5. What about the Data?

Data can be generally divided into two groups:

Initial data, required to run and/or start up an application, such as reference data, dictionaries, etc.
Business data, created from application’s UI, imported from external sources or pre-generated samples so that developers/testers have something to work on.

It is recommended to keep these groups separated from the beginning of a project in order to avoid another “last mile” problem.

We initialize the database with data either through scripts / CSVs kept in separate folders for each group or we embed initial data in upgrade scripts (for ease of deployment in smaller systems). When keeping the data in a separate folder, it is the best to write scripts in such a way so that they can be run multiple times. Another problem you have to deal with is the table insertion order. In complex database schemas (e.g. with circular dependencies), it is impossible to order the tables, therefore the best practice is to disable foreign keys before insertions and re-enable once the data is in.

6. Best Versioning Practices

The following practices are not required, but I have found them really useful, and you should at least consider using them in your new projects.

Use a three-elements version string

We found that following format for the database version string is most flexible:

The first element changes on major releases / phase of a system, e.g. every couple of months.
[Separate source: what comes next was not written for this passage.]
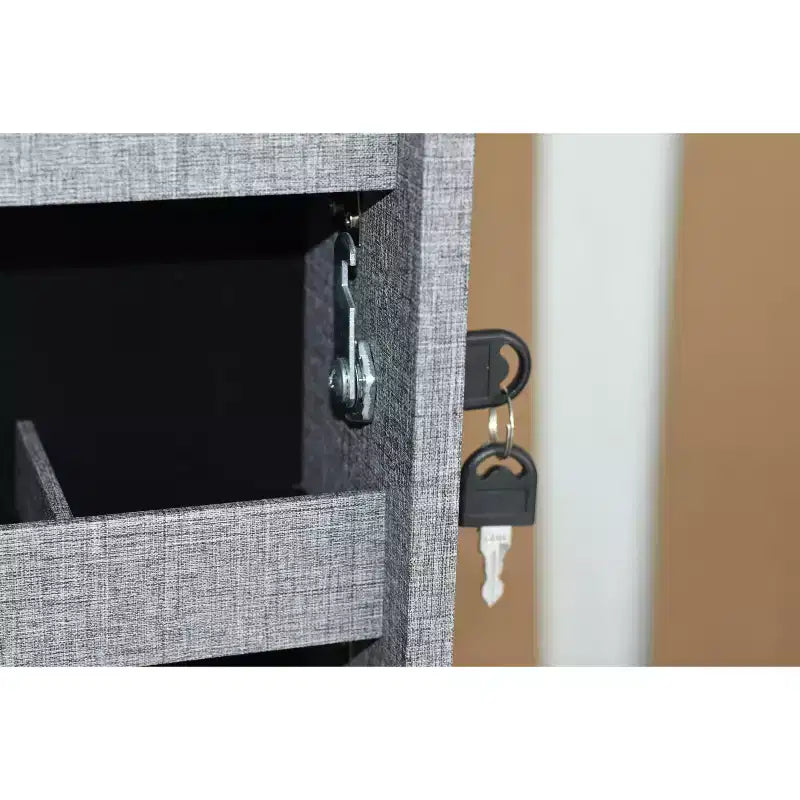 Okak Moedern Espejo de cuerpo entero con almacenamiento de joyas, espejo de pared con cerradura de seguridad, espejo de puerta para sala de estar, cuarto de ropa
The two subsequent elements are controlled by developers. Minor version changes when breaking amendments (e.g. new mandatory field) are introduced to the database, making the “old” application incompatible with the new database schema. Revision is incremented when non-breaking changes are applied to the database (e.g. new index, new table, new optional field).

Write environment-independent scripts

In theory, the upgrade scripts should be written in such a way that they can be run without modifications on any environment. This means that they should not contain any paths, names of database instances, SQL user names or linked server configurations. In the Microsoft SQL Server world, SQLCMD variables can be used to achieve this. More information can be found here

If multiple teams are working on a database, split the whole database into several schemas

The development of large databases by multiple parallel teams becomes more efficient when the database has been split into a number of schemas. Every schema has its own version and upgrade scripts. This minimizes and simplifies conflicts during code merges. Of course, the DbVersion table has to be modified to allow storing the schema version (new column). We can distinguish two types of schemas: shared and dedicated. When a team plans to change the shared schema, other teams need to be consulted to ensure that the structure of shared objects is modified in the best way. A dedicated schema is in team’s full control.

Alternatively if the database is a legacy one and/or we cannot introduce schemas, we can split database objects into several virtual areas and version each one of them separately.

Never change upgrade scripts once they have been checked in

When database shows that it has a certain version, you use that. You (as a developer) do not always compare it against the original. So it is hard to detect situations when different versions of the upgrade script have been applied to a database instance. If you have made a database modification by mistake in your upgrade scripts, write another one reverting the change – do not modify the original script, because it may have been already applied to some environment.

Reserve version ranges when working on multiple releases to simplify merges

When multiple teams are working in parallel on successive releases of the same system / database, it is the best to agree upfront on a versioning range used by every team to avoid any merging problems.

For example: Team A is working on release 1 could use the 2.x.x range for Shared schema and 1.x.x for Ordering schema, while Team B working on release 2 would use 3.x.x range for Shared schema and 1.x.x for Reporting schema.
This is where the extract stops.